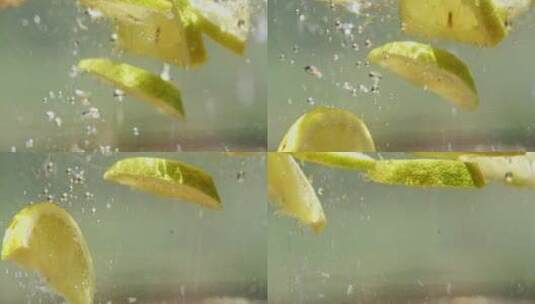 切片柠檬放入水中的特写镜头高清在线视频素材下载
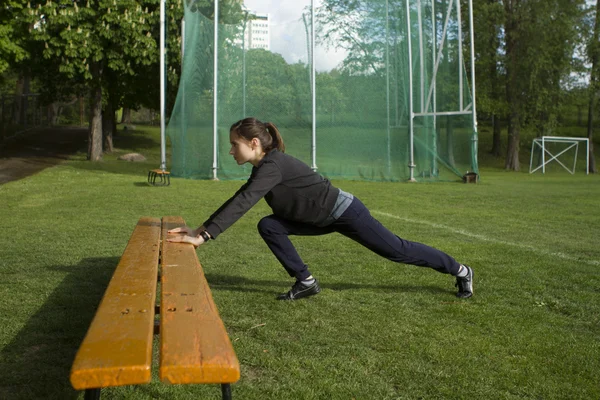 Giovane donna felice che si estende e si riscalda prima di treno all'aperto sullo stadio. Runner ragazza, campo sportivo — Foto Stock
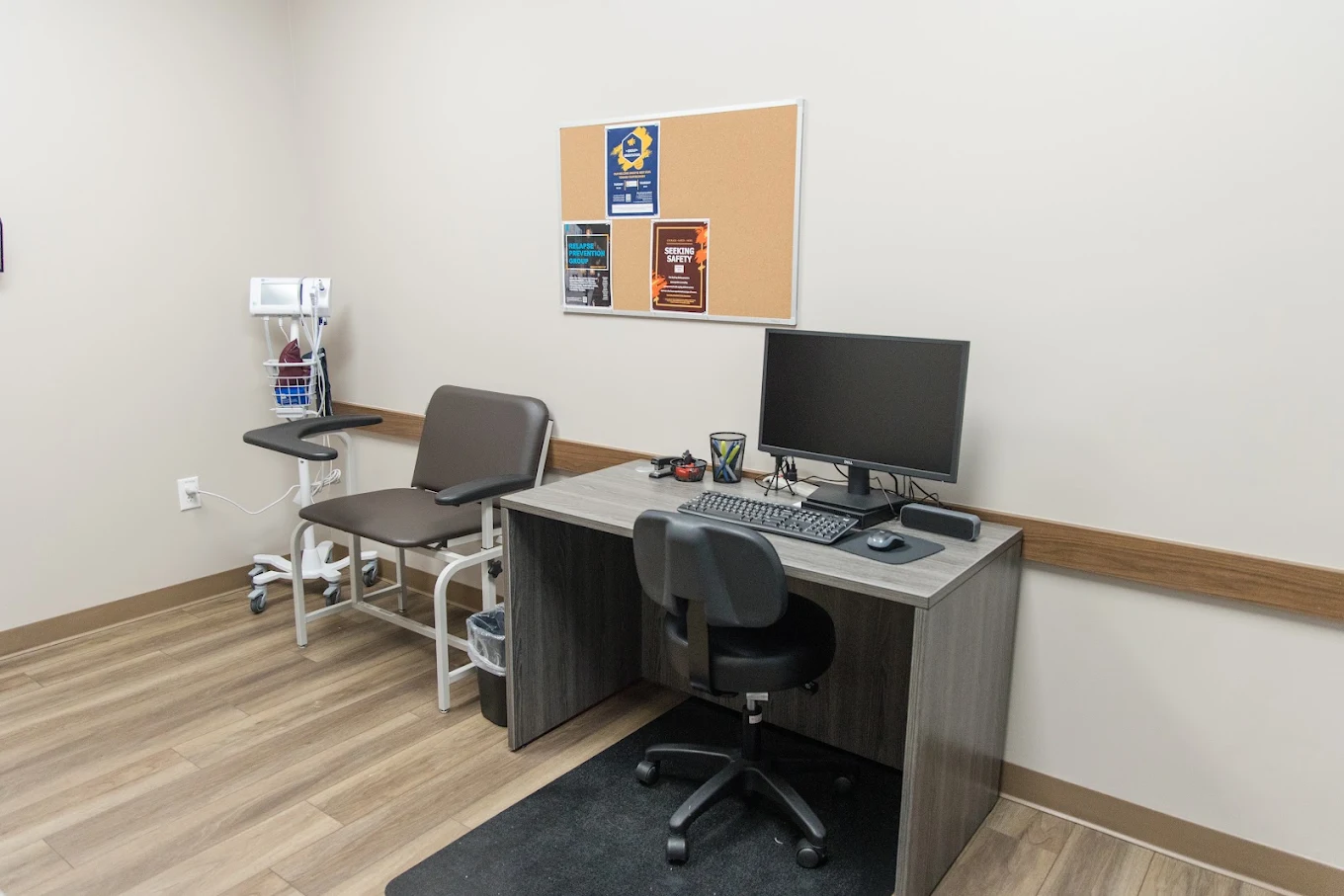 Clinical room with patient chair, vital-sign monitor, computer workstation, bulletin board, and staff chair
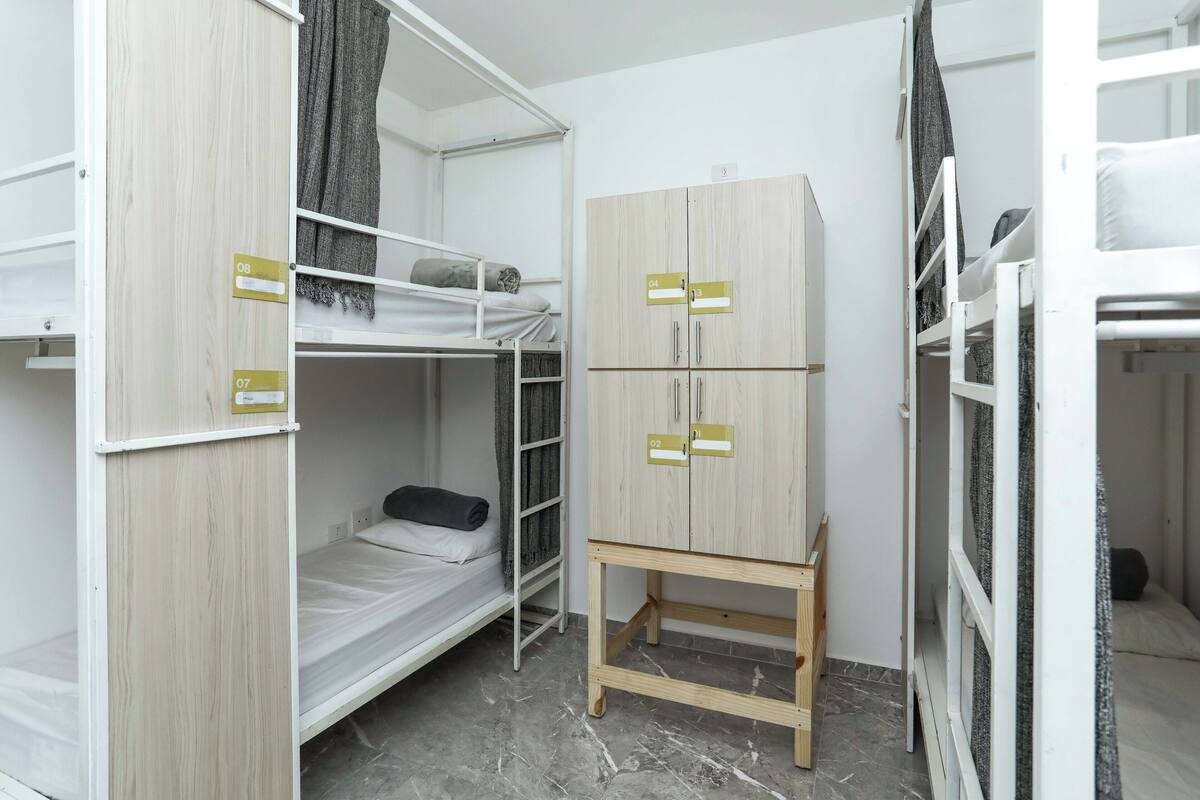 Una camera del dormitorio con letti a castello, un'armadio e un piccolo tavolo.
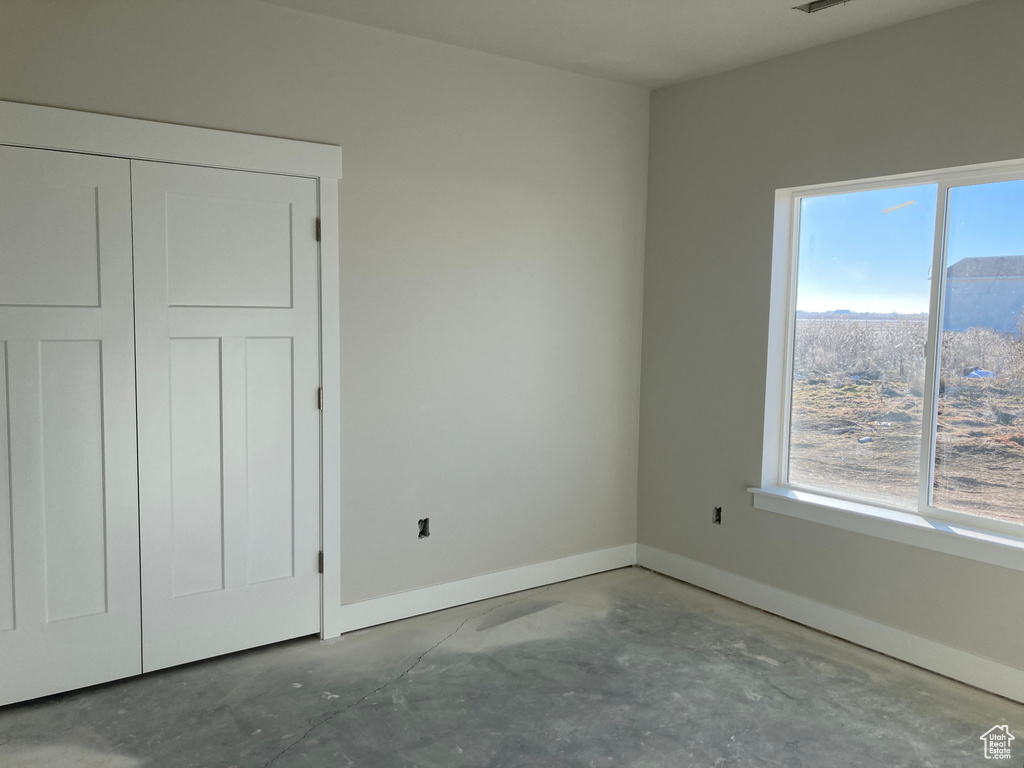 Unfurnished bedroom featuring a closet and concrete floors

→ What the exercise asks
Reproduce the listing verbatim, and keep the pictures out of the copy.

→ Response
 切片柠檬放入水中的特写镜头高清在线视频素材下载
 Giovane donna felice che si estende e si riscalda prima di treno all'aperto sullo stadio. Runner ragazza, campo sportivo — Foto Stock
 Clinical room with patient chair, vital-sign monitor, computer workstation, bulletin board, and staff chair
 Una camera del dormitorio con letti a castello, un'armadio e un piccolo tavolo.
 Unfurnished bedroom featuring a closet and concrete floors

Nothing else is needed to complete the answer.